--- YOUR INSTRUCTIONS ---
Bring back every record exactly, except for the pictures, which stay out.

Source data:
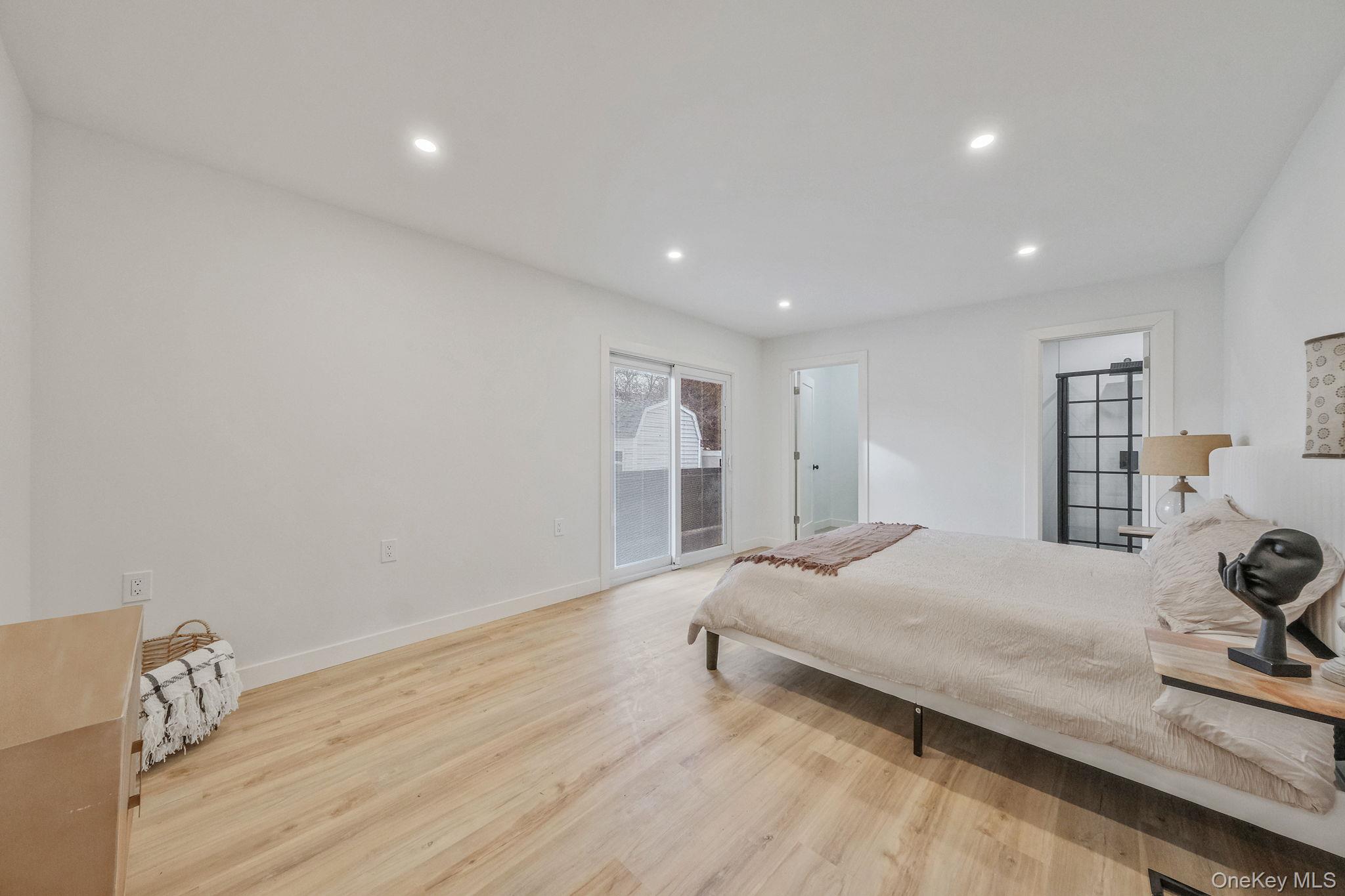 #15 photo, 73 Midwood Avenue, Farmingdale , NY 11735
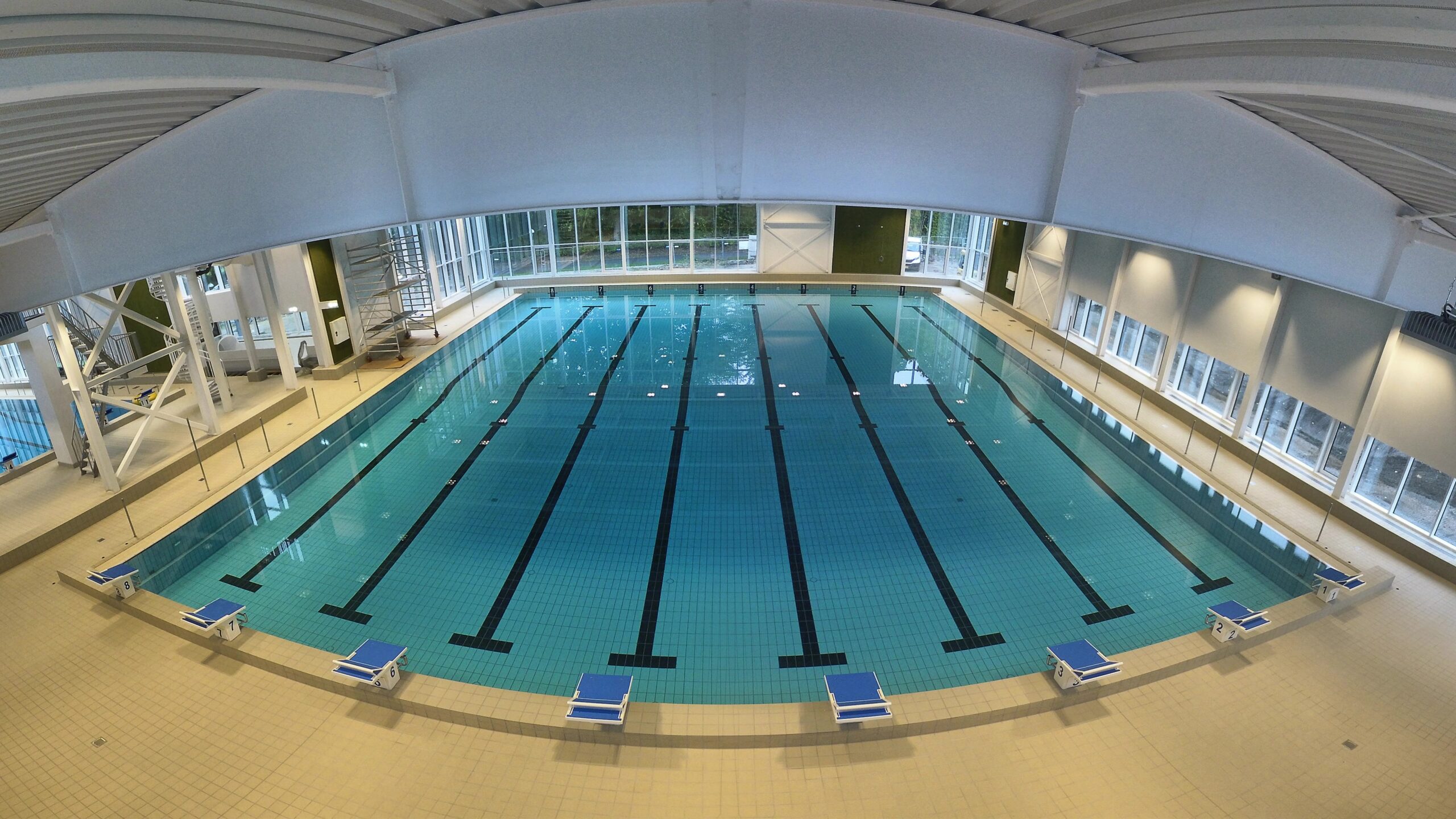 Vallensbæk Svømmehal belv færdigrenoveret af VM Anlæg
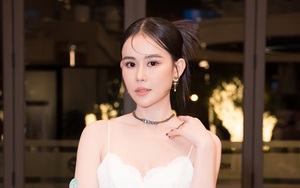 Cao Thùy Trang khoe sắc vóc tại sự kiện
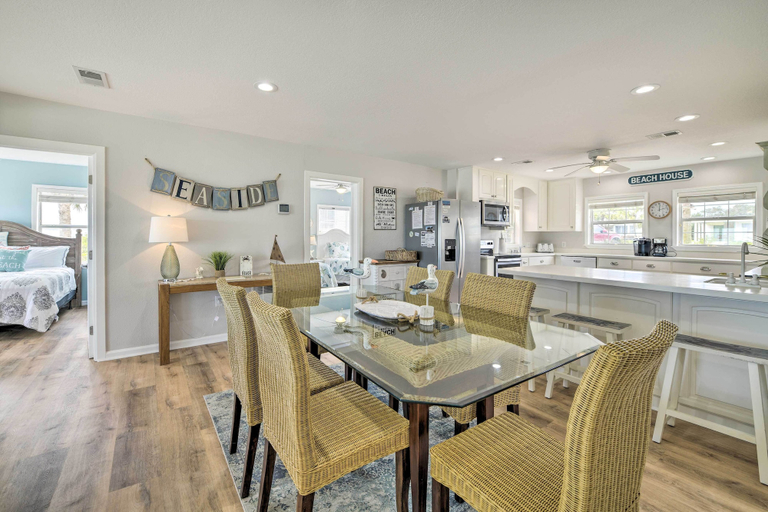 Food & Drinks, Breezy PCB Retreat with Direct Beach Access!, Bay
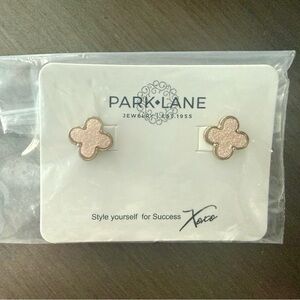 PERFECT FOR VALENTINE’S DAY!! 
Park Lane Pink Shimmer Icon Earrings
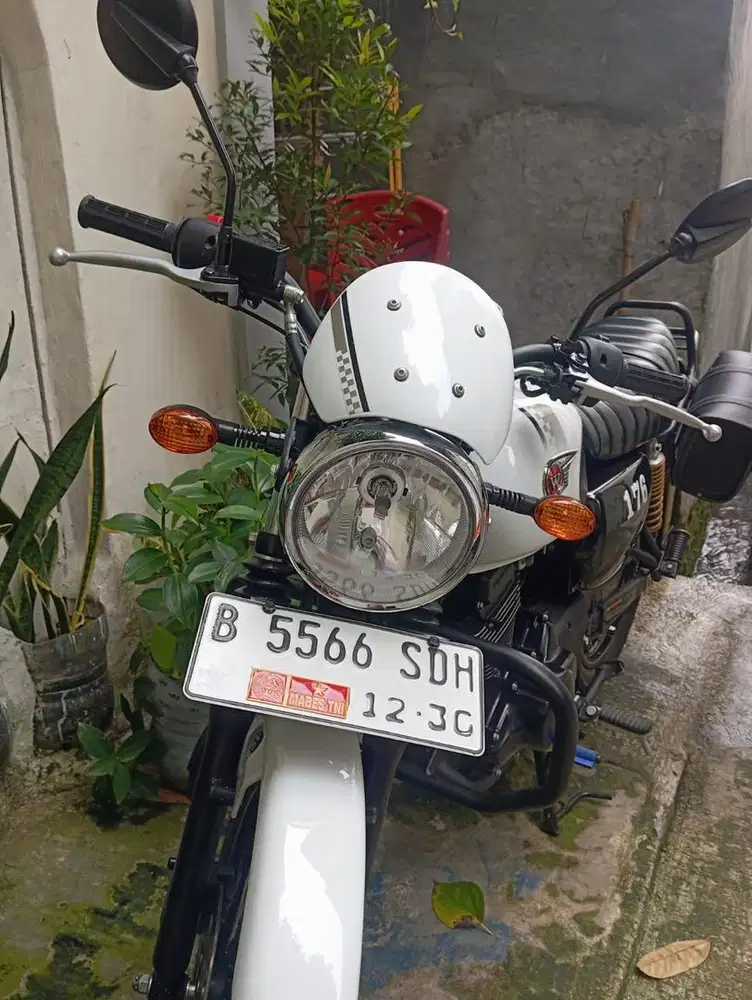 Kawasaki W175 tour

--- RESULT ---
 #15 photo, 73 Midwood Avenue, Farmingdale , NY 11735
 Vallensbæk Svømmehal belv færdigrenoveret af VM Anlæg
 Cao Thùy Trang khoe sắc vóc tại sự kiện
 Food & Drinks, Breezy PCB Retreat with Direct Beach Access!, Bay
 PERFECT FOR VALENTINE’S DAY!! 
Park Lane Pink Shimmer Icon Earrings
 Kawasaki W175 tour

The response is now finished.